Scraped caption text data:
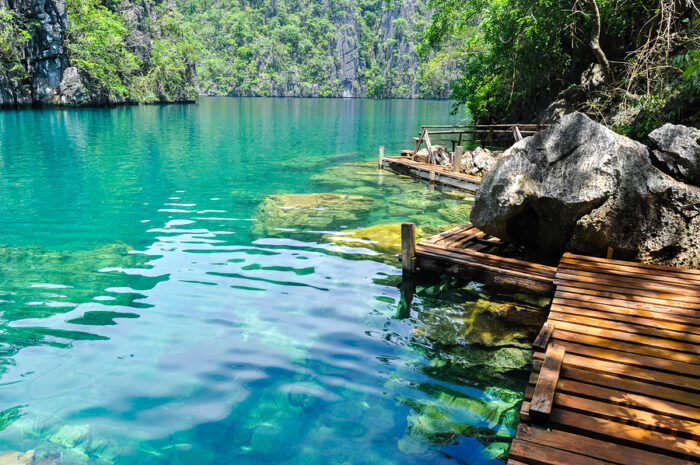 Very Clean and Clear Kayangan Lake next to a wooden path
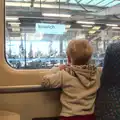 Harry peers out of the window at Ipswich, The Mobile Train Office, Diss to London - 5th March 2015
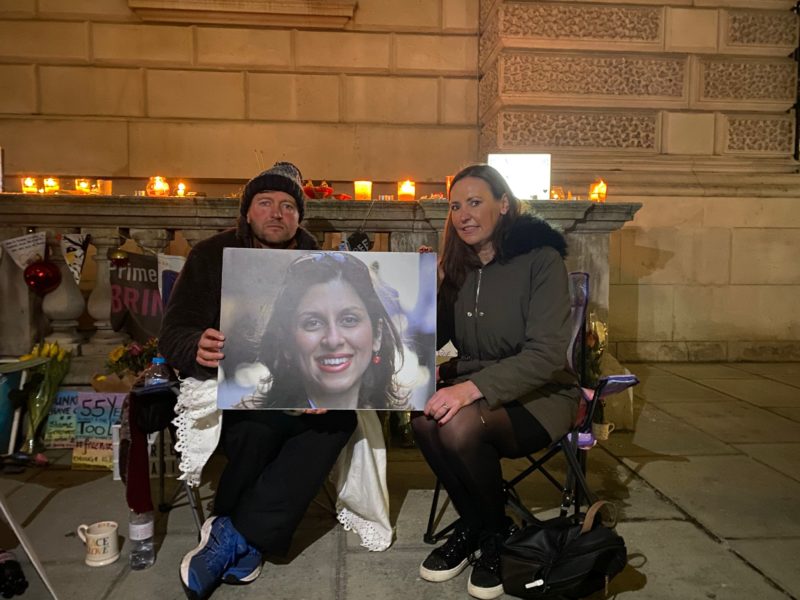 Photo of Vicky visiting Richard Ratcliffe outside the FCDO. They are sitting in camping chairs and holding a photo of Nazanin between them, with lit candles, flowers and placards in the background.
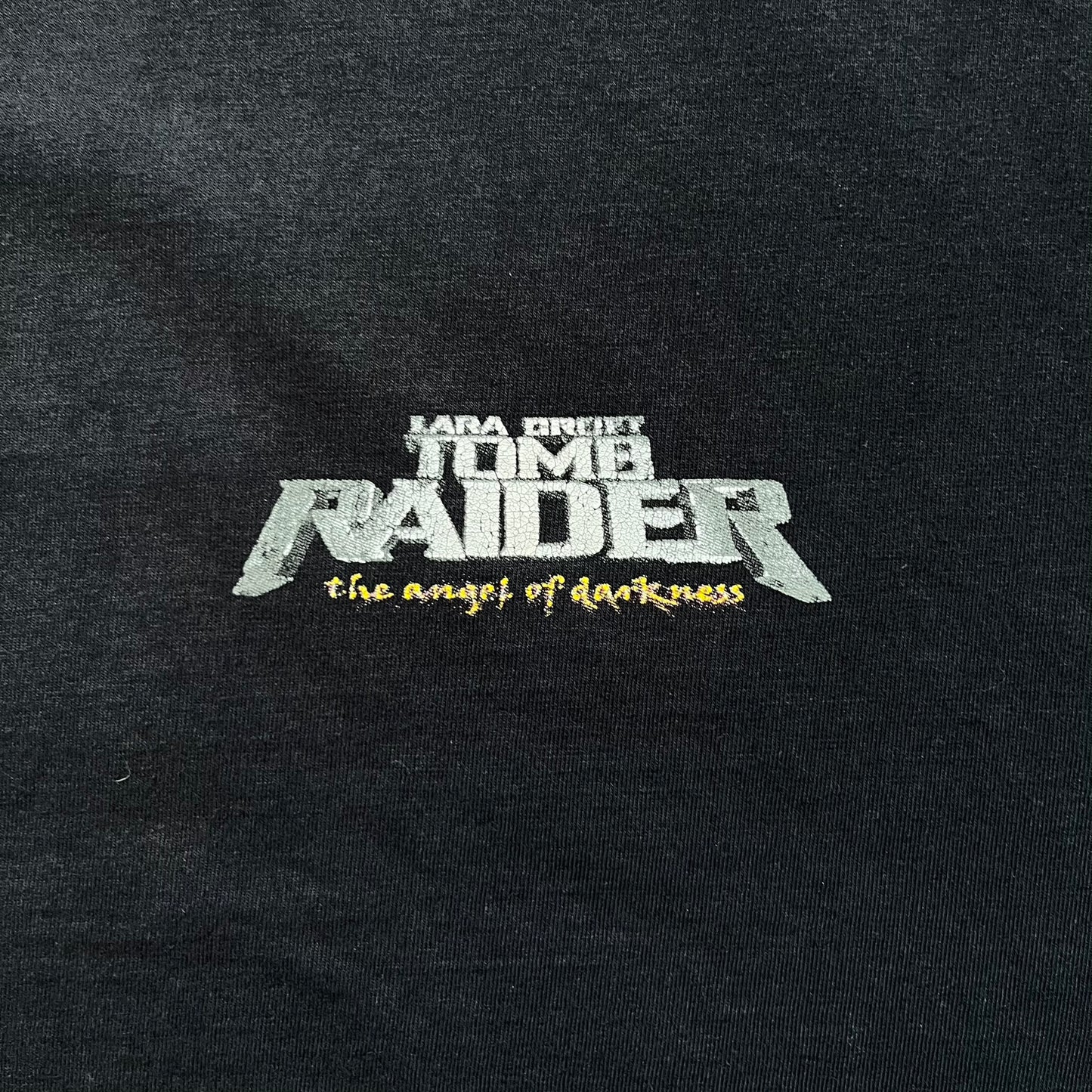 Tomb Raider: The Angel of Darkness 2003 Tee is a black washed T-shirt featuring a small game logo on the front chest. The back displays a large graphic based on the game cover, with Lara Croft in front of a flame rendered in early 3D-style artwork, with the game title printed below.
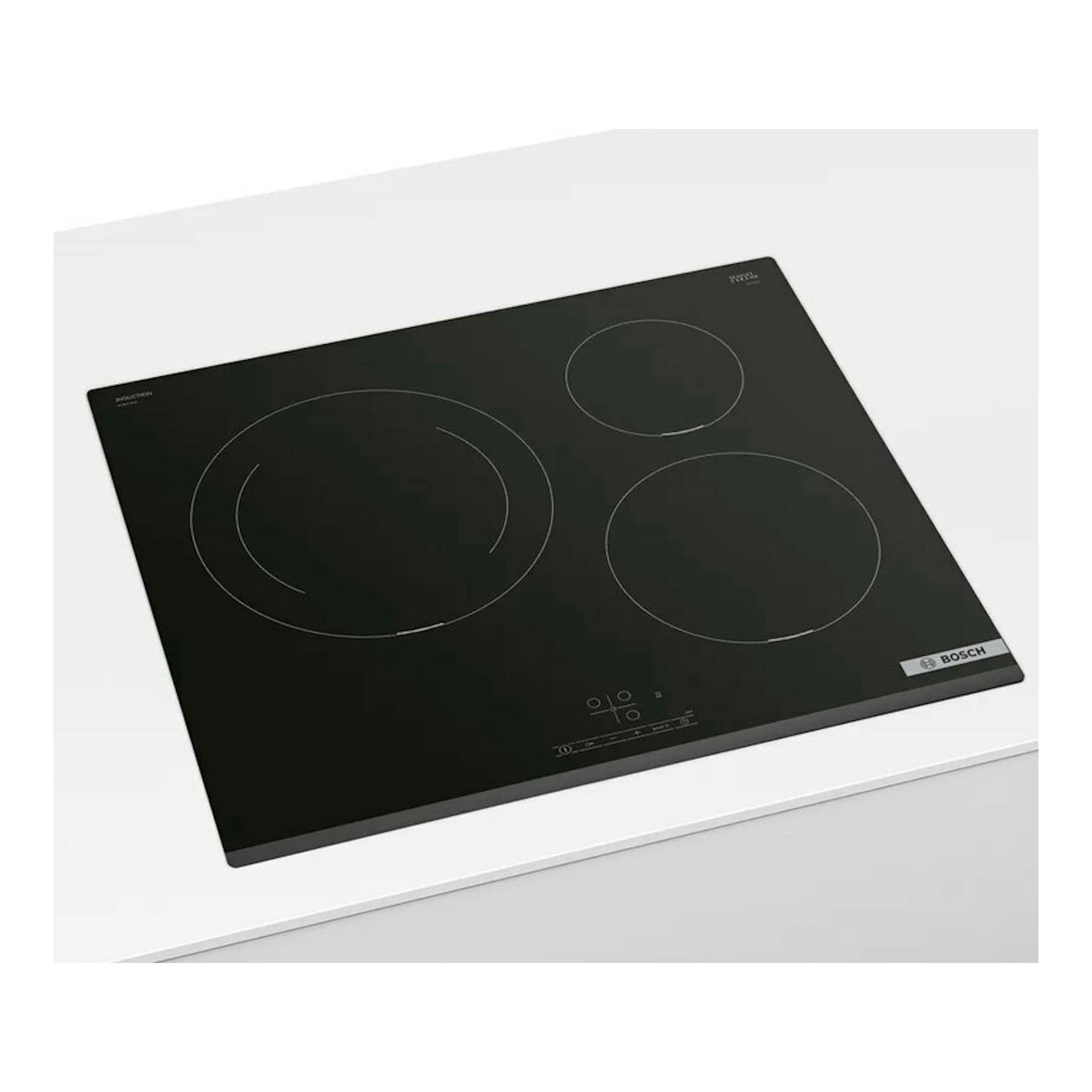 Placa de inducción Bosch PIJ631BB5E negra, vista en ángulo, con tres zonas de cocción.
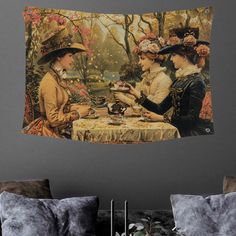 two women sitting at a table in front of a wall tapestry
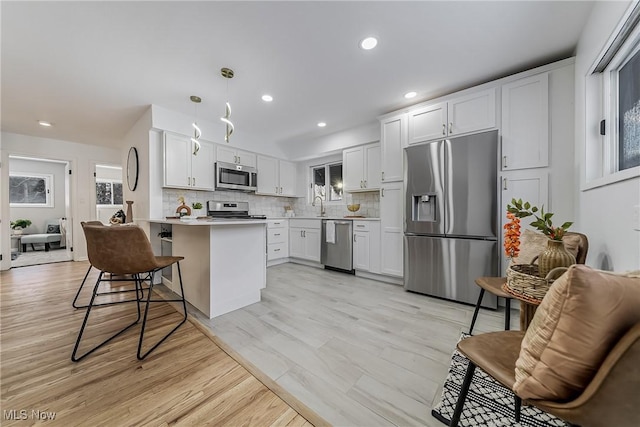 kitchen with appliances with stainless steel finishes, white cabinetry, a breakfast bar area, hanging light fixtures, and light wood-type flooring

WHAT IS BEING ASKED
Extract the run of lines beginning with the line that holds "two women sitting" and ending at the last line of the data, inclusive. Exclude any pictures from the copy.

EXERCISE OUTPUT
 two women sitting at a table in front of a wall tapestry
 kitchen with appliances with stainless steel finishes, white cabinetry, a breakfast bar area, hanging light fixtures, and light wood-type flooring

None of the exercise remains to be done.